Informers Massimo Caterino and Attilio Pellegrino said Alessandro was considered “a smart kid who was finding his own way with success,” meaning that he was using the clan’s protection and friendships with the local politicians to get ahead.

One of Michele Zagaria’s closest associates, Filippo Cataldo, said once that “he would have 'adopted' Alessandro Zagaria as his protegèe, meaning that he would have dealt with any problem that Alessandro could have met.”

 

The Big Fish

Stefano Graziano, the president of the Democratic Party of Campania.Stefano Graziano, the president of the Democratic Party of Campania.Investigators say Alessandro Zagaria is an acquaintance of Stefano Graziano, the president of the Democratic Party of Campania, a member of the Regional Assembly, a former member of Parliament in the Italian Assembly of Deputies and between 2013 and 2014 a consultant for the prime minister.

Graziano’s houses in Rome and in Caserta's province were searched this week under a search warrant looking for information on how he aided the Camorra organized crime clan. According to the Antimafia Local Prosecutors (Dipartimento Distrettuale Antimafia,) Graziano “asked and obtained political support, namely for the last elections for Regional Assembly of Campania...with the obligation of the politician to become the political and administrative referee of the Camorra criminal group called Casalesi, Zagaria faction.”

In a conversation wiretapped by police, Alessandro Zagaria and the  then mayor Biagio Di Muro talk about a 'politician' that should help them to insure Interior Ministry money for the restoration of the Teti Maffuccini Palace.

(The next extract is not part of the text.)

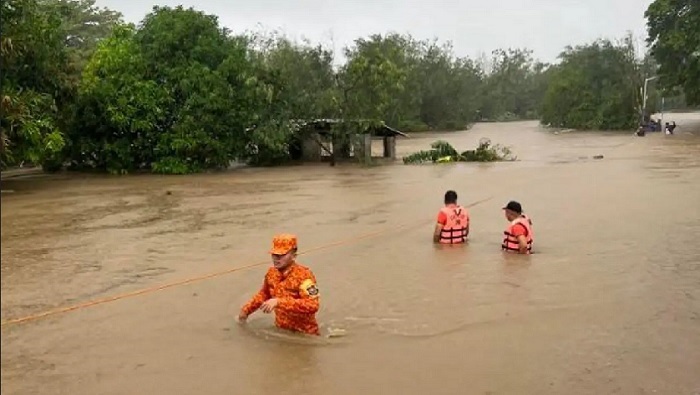 El tifón Doksuri inundó poblados ubicados en zonas bajas y desplazó casi 16.000 personas al azotar provincias del norte de Filipinas.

In the conversation, the two mean appear to be talking about Graziano and Alessando Zagaria at one point even criticizes Biagio di Muro because he hasn’t been sufficiently supportive of the politician’s election campaign.

“We have to bring up Graziano” on Nov. 15, 2015, Zagaria tells di Muro. “And you don't show up? It shouldn't be me telling you that for God's sake.”

Graziano has stepped down from his party position but said he doesn't have anything to do with the allegations against him.

Biagio Di Muro denied taking bribes and said he and Alessandro Zagaria are friends but he doesn't know anything about any links with the Casalesi clan.